I wrote a couple of years ago about the PATH and Hoboken station, before the damage of Hurricane Sandy. I will never forget my bleary eyed shift on my institution’s emergency response team, listening to news reports of fires in Breezy Point and flooding of train tunnels, including Hoboken’s PATH and NJ Transit (Lackawanna) stations. It was my first trip over PATH since the lengthy partial restorations to get them operational.

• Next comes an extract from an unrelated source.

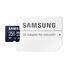 Samsung PRO Ultimate/micro SDXC/256GB/200MBps/UHS-I U3 / Class 10/+ Adaptér/Modrá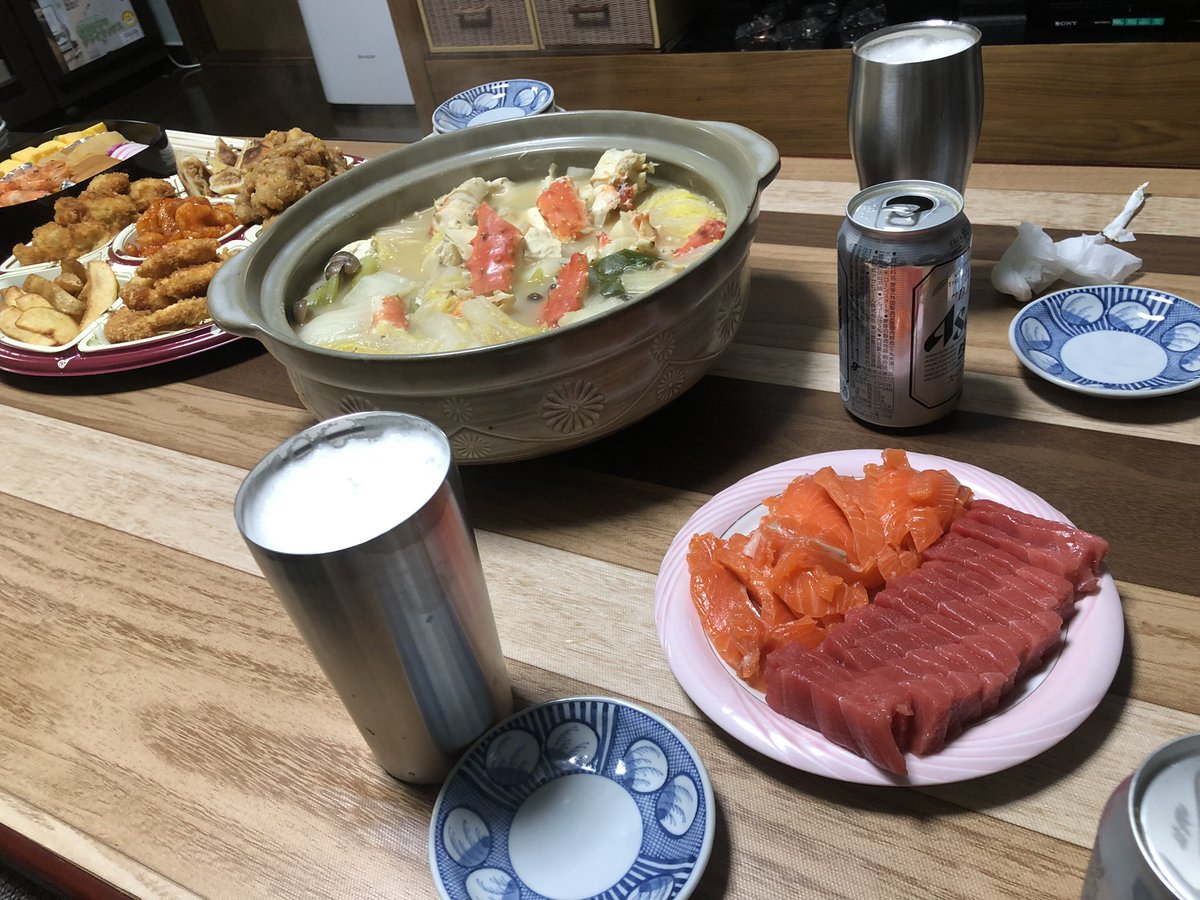 MOL_pm's tweet photo. 蟹！ https://t.co/erqBtoRrG9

I find vintage photographs of the Hudson Manhattan tubes fascinating, polished, cutting edge before a period of stainless steel fluorescent decline. Compared to the utilitarian appearance of so much of the NYC Subway, PATH was built with the elegance of a turn of the century rail enterprise. What strikes me about old images of the PATH is the elegant finish of the cars and the ornamented capitals below the vaulted ceilings of the stations, still visible in stations not completely restored [read gutted] in the Port Authority era.
I’m looking forward to getting out and about in the New Year with our little guy in tow!
Hudson Terminal was an interesting place — on the level seen in the above picture it was an urban indoor mall, circa 1908! I remember going through there as a kid, and there were several corridors on either side with all sorts of stores. Of course the Toy store in the one corner had my undivided attention at the time ;^). The area around the Terminal was also a favorite of my father’s – Radio Row. Dad was into fixing radios and TV’s of the time, and there were multiple electrical supply houses where you could always find that 6AU6 vacuum tube you needed… (Yeah, I am that old…)
You’ll also notice the signage in the picture is Pennsylvania Railroad-centric. The H&M partnered with the Pennsylvania to provide service to Newark Penn Station over what was then PRR trackage. The Pennsylvania also provided PRR-lettered cars as part of the equipment pool. That practice lasted up until the Port Authority took over the H&M in 1962, and the lettering remained in place on the cars for several years afterward.
Neat. Usually when you see documentaries about construction of the World Trade Center they discuss Radio Row, but not so much Hudson Terminal. Was just reading about “Ladies Cars” too on the PATH. There’s just something I like about the PATH a lot, probably it’s former links to the PRR, Lackawanna, CRRNJ…
Car 256 is preserved at the National Museum of Transport in St. Louis. It is the last surviving H & M car.
Thanks Bob! I would love to get out there.